• Work order: Return an exact copy of the lines from the one holding "907 W Pagoda Ave., San Tan Valley, AZ 85140" to the end of the data, including both the starting and final lines. Leave the pictures out.

• Dataset excerpt:
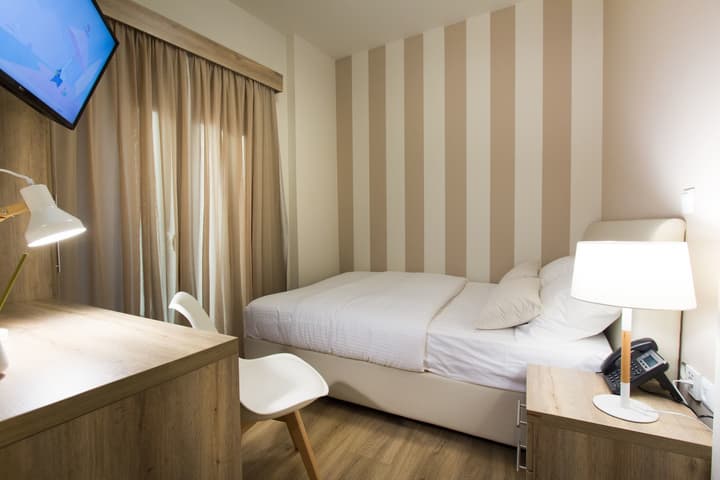 Hotel @ Syngrou Fix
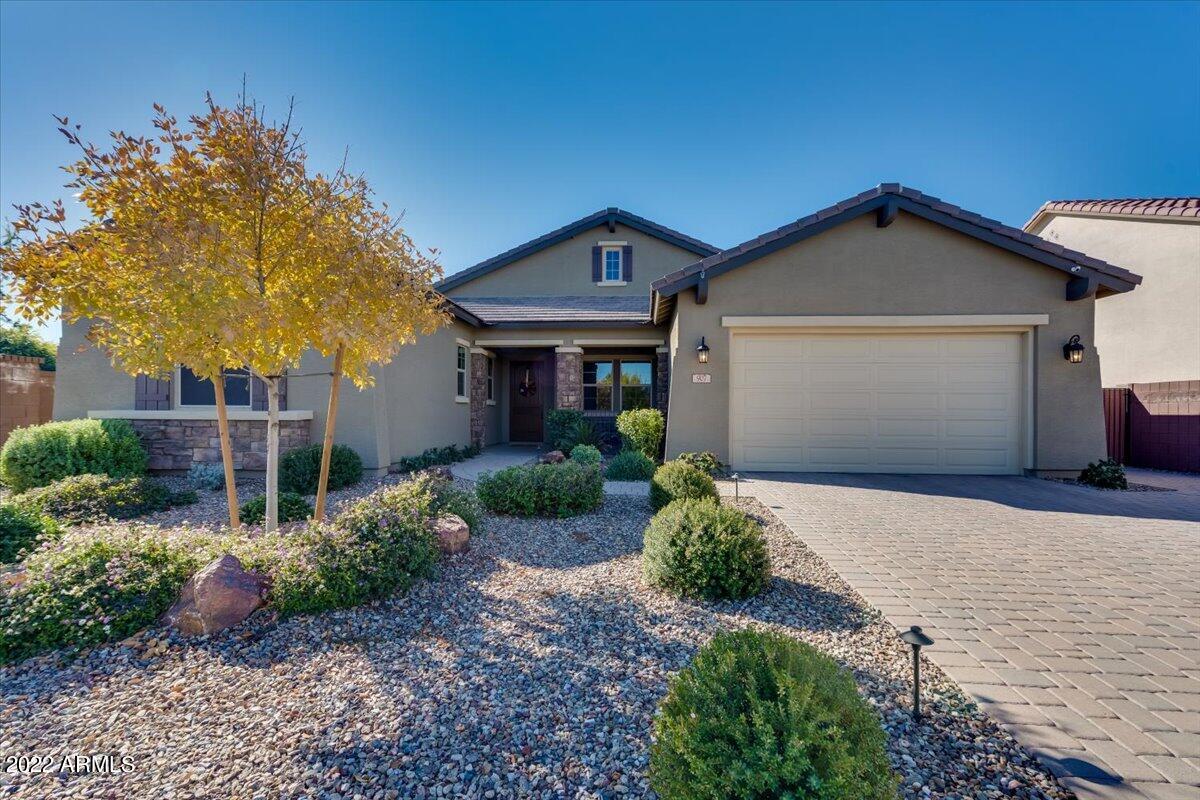 907 W Pagoda Ave., San Tan Valley, AZ 85140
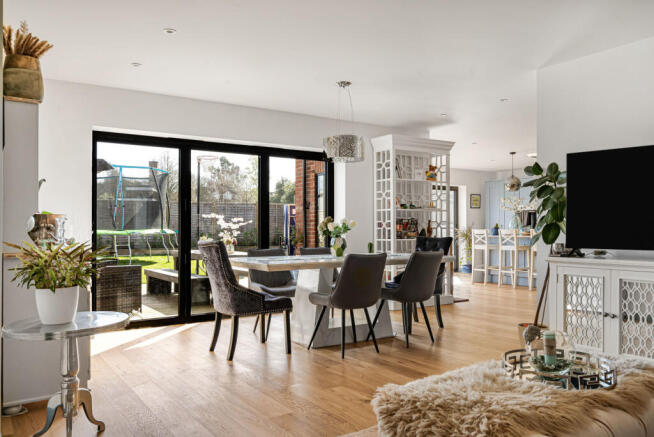 Kitchen/Dining
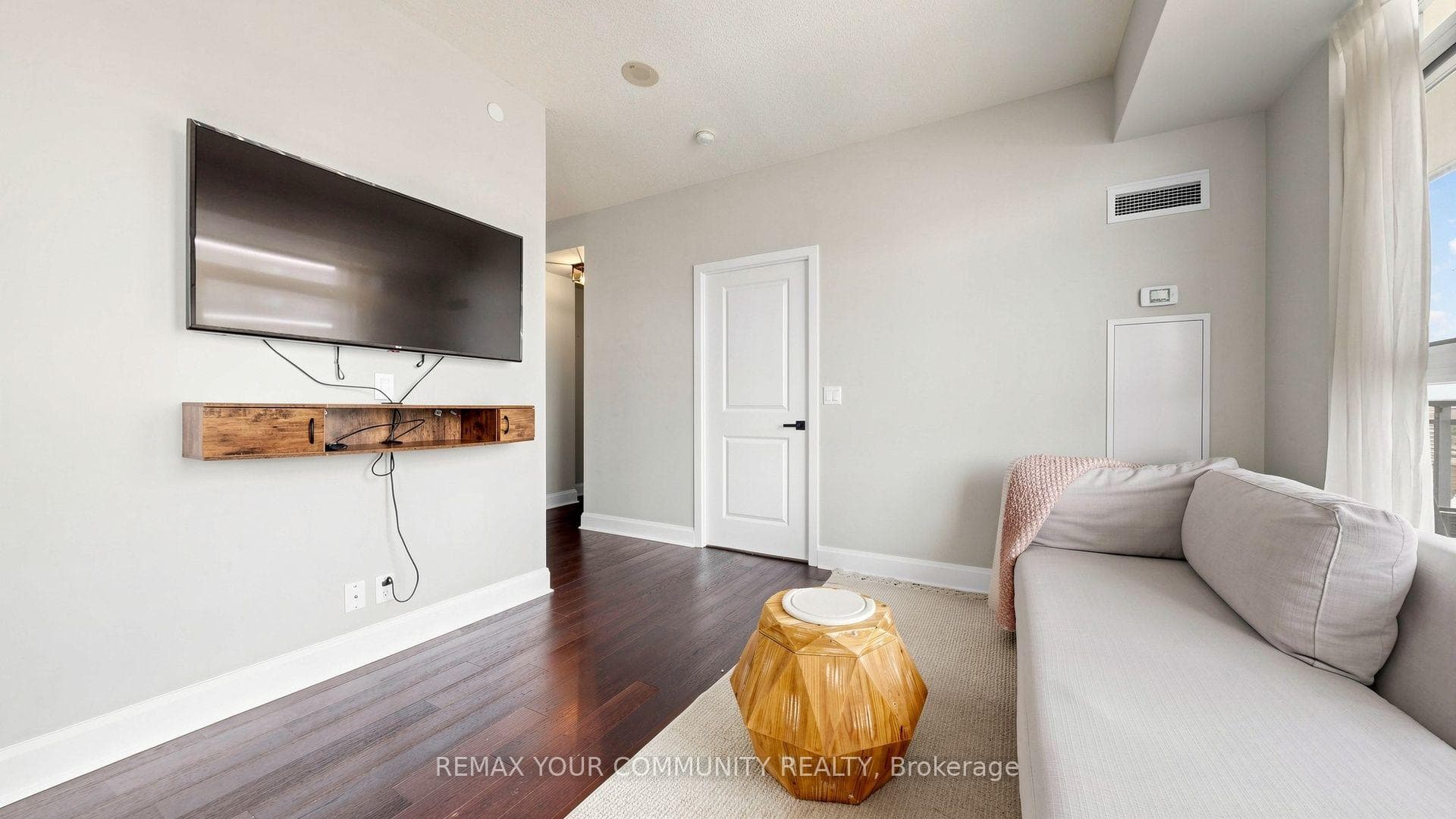 33 Shore Breeze Drive Unit 1408 photo 4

• Task result:
 907 W Pagoda Ave., San Tan Valley, AZ 85140
 Kitchen/Dining
 33 Shore Breeze Drive Unit 1408 photo 4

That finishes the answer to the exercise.